Cette photo a été prise aux fêtes, en 2007, à l'auberge Harricana. Notre tradition familiale se poursuivait ailleurs et autrement, sans le compagnon de vie, papa et grand-papa qu'était notre cher Léo. C'était le cadeau de Noël que nous avait fait Maman pour qu'on se rassemble au même moment en un même lieu, qu'on réinvente la tradition en redéfinissant ce que devenait ou ce qu'aillait devenir notre famille à laquelle il manquait dorénavant l'une de ses deux moitiés fondatrices.
Petite île avec son arbre bien enraciné solidement dans le roc, à Rapide Six, sur la rivière des Outaouais. Pour moi, la tradition, c'est ça. Un repère qui nous incite à s'enraciner dans nos vies malgré le vent, la pluie, le gel, les saisons. L'adaptation, c'est la résilience, et parfois même la survie.
LA QUESTION SE POSE
Dans notre culture, la période des fêtes est probablement celle où nous avons le plus de traditions sociales et familiales qui nous invitent à vivre et à revivre des moments de célébrations et de rassemblements qui laissent encore plus de traces dans nos mémoires que nous le croyons.
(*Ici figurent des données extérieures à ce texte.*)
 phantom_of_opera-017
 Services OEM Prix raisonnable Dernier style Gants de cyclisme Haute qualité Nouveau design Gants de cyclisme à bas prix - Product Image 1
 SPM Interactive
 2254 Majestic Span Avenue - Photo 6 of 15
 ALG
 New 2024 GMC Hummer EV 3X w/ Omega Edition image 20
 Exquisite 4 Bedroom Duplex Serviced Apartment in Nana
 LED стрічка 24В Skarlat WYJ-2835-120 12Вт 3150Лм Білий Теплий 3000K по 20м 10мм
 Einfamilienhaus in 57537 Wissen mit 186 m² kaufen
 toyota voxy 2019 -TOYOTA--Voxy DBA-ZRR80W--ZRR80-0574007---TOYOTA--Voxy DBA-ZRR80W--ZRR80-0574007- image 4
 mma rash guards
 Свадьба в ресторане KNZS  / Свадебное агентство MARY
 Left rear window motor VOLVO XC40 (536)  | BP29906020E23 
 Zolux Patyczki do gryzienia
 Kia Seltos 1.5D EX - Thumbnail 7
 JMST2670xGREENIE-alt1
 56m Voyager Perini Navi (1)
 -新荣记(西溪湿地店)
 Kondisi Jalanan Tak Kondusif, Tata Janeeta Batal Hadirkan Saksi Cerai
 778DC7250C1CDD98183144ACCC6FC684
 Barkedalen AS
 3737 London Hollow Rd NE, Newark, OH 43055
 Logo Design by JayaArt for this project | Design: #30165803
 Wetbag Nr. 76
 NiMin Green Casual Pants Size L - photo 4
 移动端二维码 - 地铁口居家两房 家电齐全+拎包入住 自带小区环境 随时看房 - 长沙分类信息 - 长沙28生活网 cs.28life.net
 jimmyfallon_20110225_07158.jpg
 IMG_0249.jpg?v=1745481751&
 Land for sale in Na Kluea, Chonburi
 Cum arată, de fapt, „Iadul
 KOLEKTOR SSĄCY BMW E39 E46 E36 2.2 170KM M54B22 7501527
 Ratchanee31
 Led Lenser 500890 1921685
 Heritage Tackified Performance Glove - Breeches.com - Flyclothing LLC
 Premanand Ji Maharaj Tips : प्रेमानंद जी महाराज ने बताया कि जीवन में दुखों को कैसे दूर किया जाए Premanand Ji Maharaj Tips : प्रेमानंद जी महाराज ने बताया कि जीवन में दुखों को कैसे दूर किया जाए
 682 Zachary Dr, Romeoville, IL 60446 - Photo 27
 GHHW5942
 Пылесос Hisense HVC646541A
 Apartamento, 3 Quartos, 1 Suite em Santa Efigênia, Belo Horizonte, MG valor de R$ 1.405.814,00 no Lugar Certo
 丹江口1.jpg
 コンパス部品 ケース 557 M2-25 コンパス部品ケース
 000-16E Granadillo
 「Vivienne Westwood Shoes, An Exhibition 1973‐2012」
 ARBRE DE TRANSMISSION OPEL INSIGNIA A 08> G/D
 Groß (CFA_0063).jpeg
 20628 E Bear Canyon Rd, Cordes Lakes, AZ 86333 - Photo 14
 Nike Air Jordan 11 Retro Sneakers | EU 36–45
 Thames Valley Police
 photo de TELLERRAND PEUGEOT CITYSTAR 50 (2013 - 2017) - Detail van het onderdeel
L'être humain est ainsi fait qu'il veut reproduire ce qui l'a rendu heureux.
Je m'inquiétais de voir disparaître plusieurs de nos traditions avec la popularité grandissante des technologies de communication sans lesquelles il n'est plus possible de fonctionner dans notre société, même si ces technologies nous isolent plus qu'elles nous rapprochent les uns des autres, généralement.
Consciente que ces traditions étaient un héritage que j'avais reçu, qui m'avait rendue heureuse et que je voulais transmettre à mon tour, j'avais besoin et envie que certaines traditions se poursuivent, sans les imposer à personne, quitte à les transformer un peu pour les réinventer au goût du jour.
C'est alors que j'ai eu cette illumination! J'ai trouvé un élément de réponse à la question que je me posais depuis toujours sur la transmission, ce bagage de vie que l'on transporte en soi, notre histoire qui continue de s'écrire en se réinventant à chaque fois qu'on tourne une page. Parce que rien ne serait plus triste et voué à l'échec que de vouloir faire revivre à tout prix quelque chose qui n'est déjà plus... enfin... plus ailleurs que dans nos souvenirs, même les plus heureux.
Nos traditions doivent obligatoirement se transformer et s'adapter pour rester vivantes.